Suddenly from the second floor, Fergus launched into a barking frenzy. The Yorkie bounced down the stairs ahead of Lacy's mom, like a furry little herald announcing to all and sundry, “The Queen is awake!”
Awash in a cloud of Estée Lauder, Mom gave her a big hug and kissed both her cheeks with resounding smacks. Then she palmed Lacy's face and eyed her critically.
“You've let your bangs grow too long, sweetheart,” she said. “But never mind. We can fix it. You should see the cute new haircut Crystal got yesterday. Your sister looks like something out of
Vogue
.”
“When did she not?” Lacy muttered.
“Come on. I'll crank up the curling iron and we can catch up while it heats.”
Her mom had never given up the delusion that with enough primping, Lacy could be remade into the likeness of a country western star. She'd tried to tell her mother more than once that big hair was dead, even in Nashville, but she let herself be dragged up the stairs anyway.
Sometimes, resistance really is futile.
* * *
By 10:30, the church-folk breakfast rush petered out. They'd be back for bacon burgers and onion rings or the fried catfish Green Plate special once the last “hallelujah” was sung. The only customers left in the Green Apple Grill were members of a slightly pagan drum circle who met there for coffee and icebox rolls with religious regularity.
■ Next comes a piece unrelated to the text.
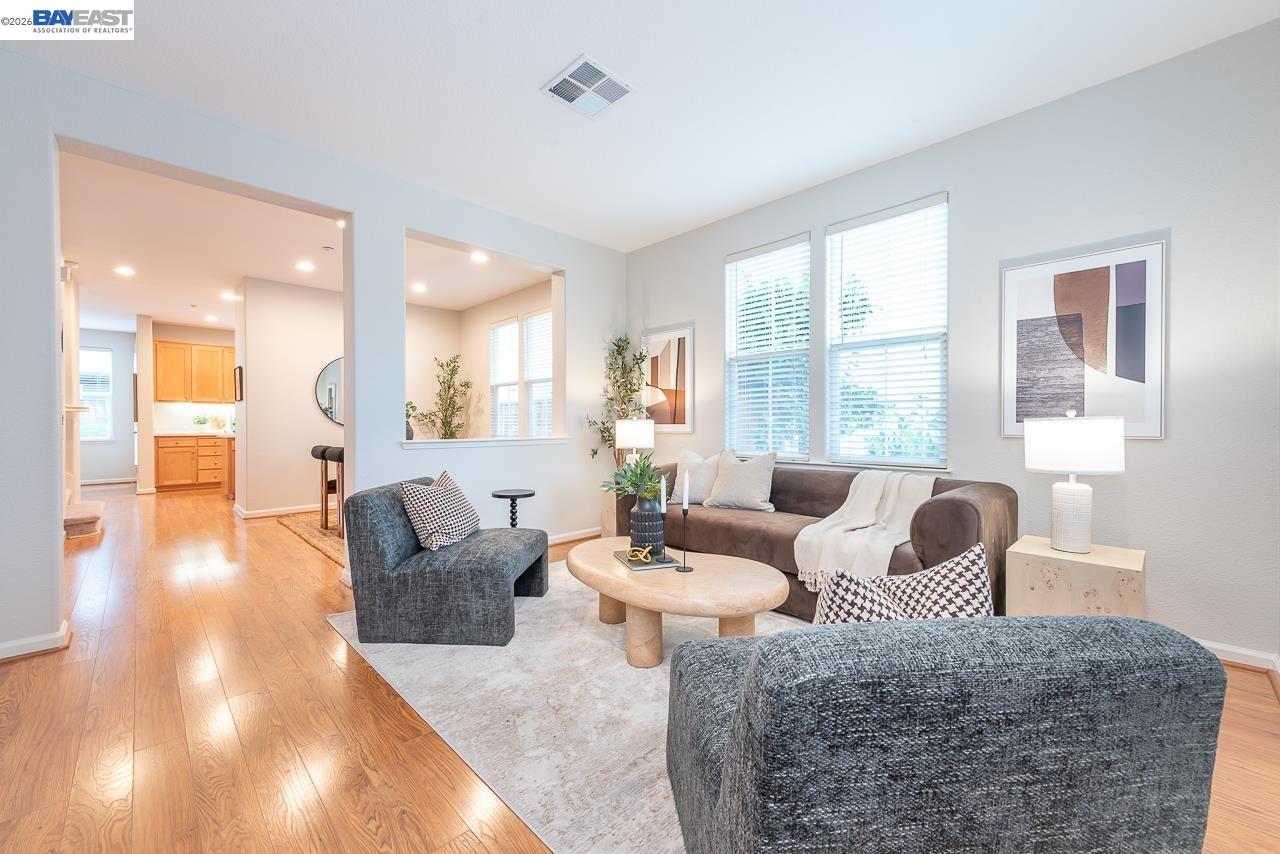 Detail Gallery Image 5 of 56 For 34187 Governo Dr, Union City,  CA 94587 - 4 Beds | 2/1 Baths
While the rest of the town celebrated the Father, Son, and Holy Ghost, those old hippies were more likely to lift their spirits with a little weed they brought back from Colorado.
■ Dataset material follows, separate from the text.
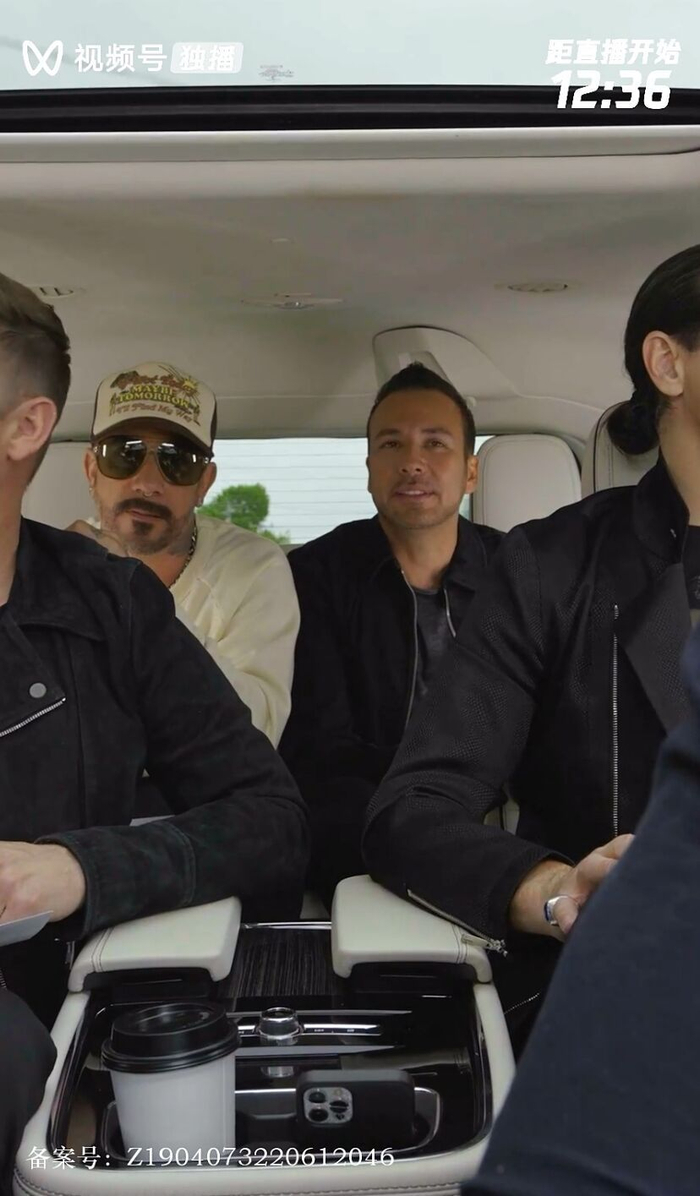 演出开始前，后街男孩在林肯汽车里做预热 图片来源：视频截图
“Rocky Mountain high,” Jake muttered. Then he asked Ethel, his decidedly long-in-the-tooth waitress, to refill the drum circle's mugs.
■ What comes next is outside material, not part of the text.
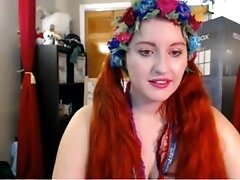 kayleepond showing off her body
“Maybe I can sweet-talk them into that leftover coffee cake, too,” Ethel said as she bustled off.
Ethel was a blue-haired wonder. She was old enough to collect both Social Security and her deceased husband's pension, so she didn't need the money she made at the grill. However, she did need the company and she liked working at the Green Apple. Even if her service was a little slow, most folks enjoyed being waited on by a grandmotherly sort who called them “honey,” “sugar,” or “darlin'.”
At first, Jake thought it was because Ethel had forgotten their names, but she never forgot an order and didn't use a notepad to jot them down either. Once the meal was over, she convinced diners that because they'd cleaned their plates, they
deserved
blackberry cobbler with homemade walnut ice cream.
No doubt about it, Ethel was good for business.